A TEENAGE girl would still be being abused by a former college tutor from Grove if his crimes had not been discovered by police in Germany, an Abingdon detective said last night.

Freemason Ian Holden “embarked on a campaign of grooming” – filming himself having sex with a young girl before posting indecent photographs of her on the internet during a four-year period of abuse.

However he also posted what were described as ‘low-level’ images of another child online, which German police discovered along with the 63-year-old’s IP address.

They then handed over the case to their British counterparts.

When Holden was arrested they also uncovered the footage of him abusing his victim, starting when she was 10 years old.

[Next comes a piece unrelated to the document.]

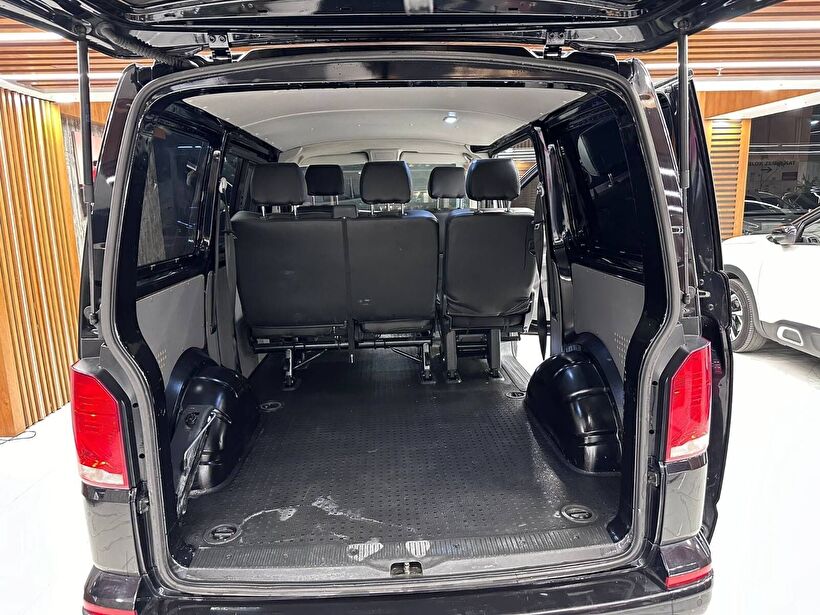 2022 Dizel Manuel Volkswagen Transporter Siyah Polat Araç Dizayn Otomotiv İnşaat Sanayi Ve Ticaret Limited Şirketi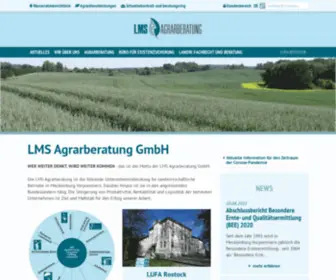 LMS-Beratung.de(LMS Agrarberatung GmbH) Screenshot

Dc John Ablett, of Abingdon CID, said without the report of the first indecent image “she would still be being abused. I have no doubt about that.”

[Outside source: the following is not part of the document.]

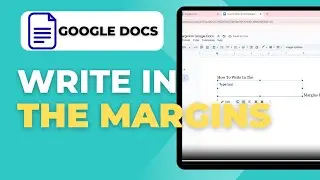How To Write In The Margins In Google Docs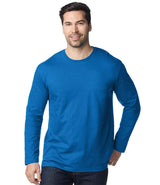 Gildan SoftStyle® Long Sleeve T-Shirt | Royal Blue thumbnail 1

Holden was jailed for 12 years at Oxford Crown Court on Friday after admitting a total of 19 charges.

The court heard he would sometimes tell his victim he would buy her a McDonalds meal if he could have sex with her.

Judge Patrick Eccles was shown some of the 20 minutes of footage Holden had secretly recorded as he abused the girl on three separate occasions.

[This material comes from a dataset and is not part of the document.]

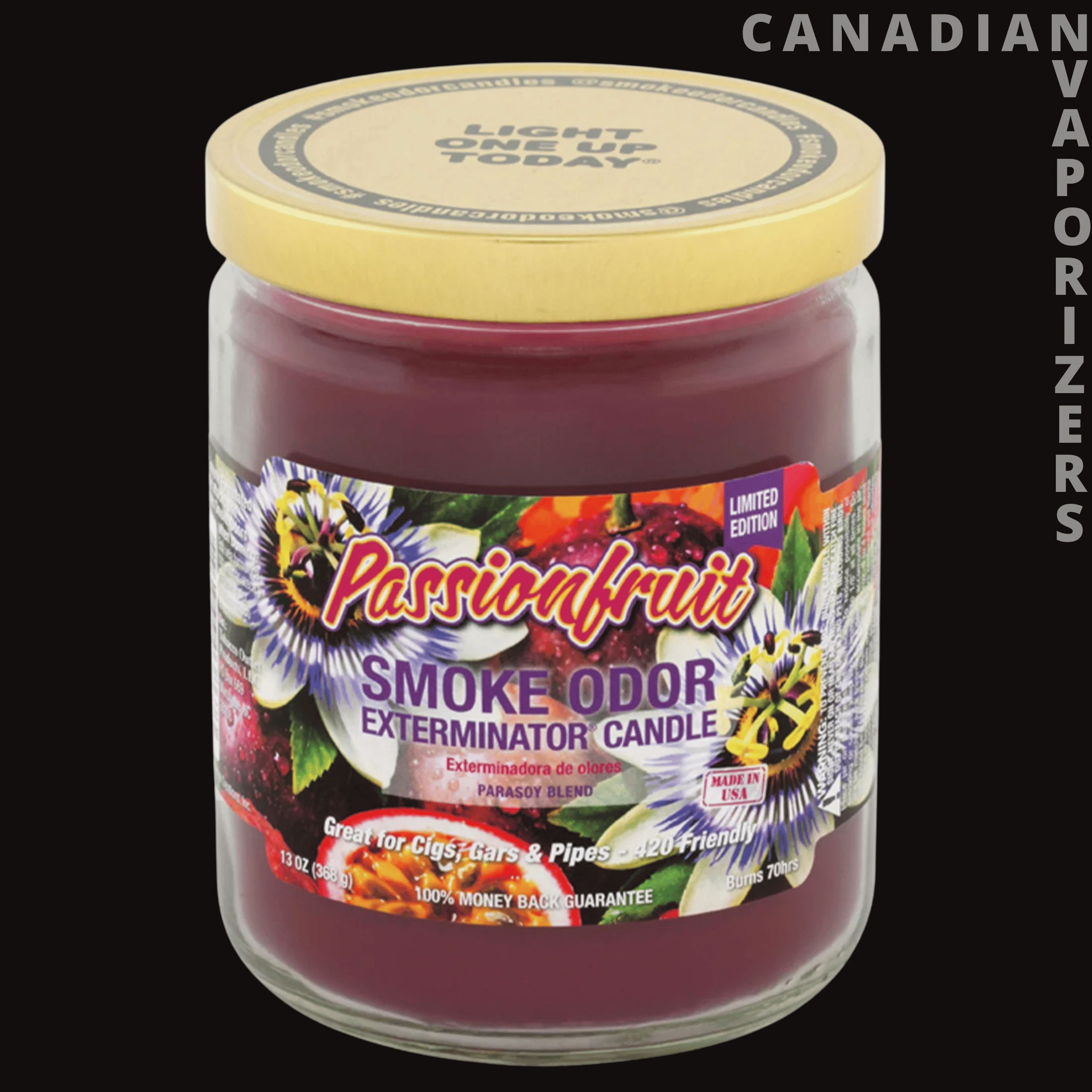 Smoke Odor 13oz Passionfruit Candle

Prosecutor Cathy Olliver said “words are not equal to describe” the acts shown on the clips.

Miss Olliver, who said the girl had been abused between 2006 and 2011, told the court: “Mr Holden embarked on a campaign of grooming her.”

She added the victim, who is now aware that two indecent pictures of her were posted online on three occasions, “felt like she wanted to end her life and that she was worthless. She started cutting herself due to the sense of worthlessness she felt”.

Miss Olliver continued: “She says she tries to put a smile on her face, she tries not to be sad these days but it’s hard not to be sad.”

Holden admitted seven counts of engaging in sexual activity with a child, one of a serious sexual assault on a girl under 13 and 11 counts of distributing indecent images of children.

Jonathan Clarke, defending, said his client had a “history of having been a victim of sexual abuse himself as a child”.

Judge Eccles also placed Holden on an extended licence period of 10 years upon his release.

He called the behaviour a “truly shocking array of sexual offences” and said Holden had a “deeply deviant and entrenched obsession with images of children”.

Principal of the Oxford Business College David Fogg said Holden had worked part time for the college as a tutor, but had not done so for more than two years.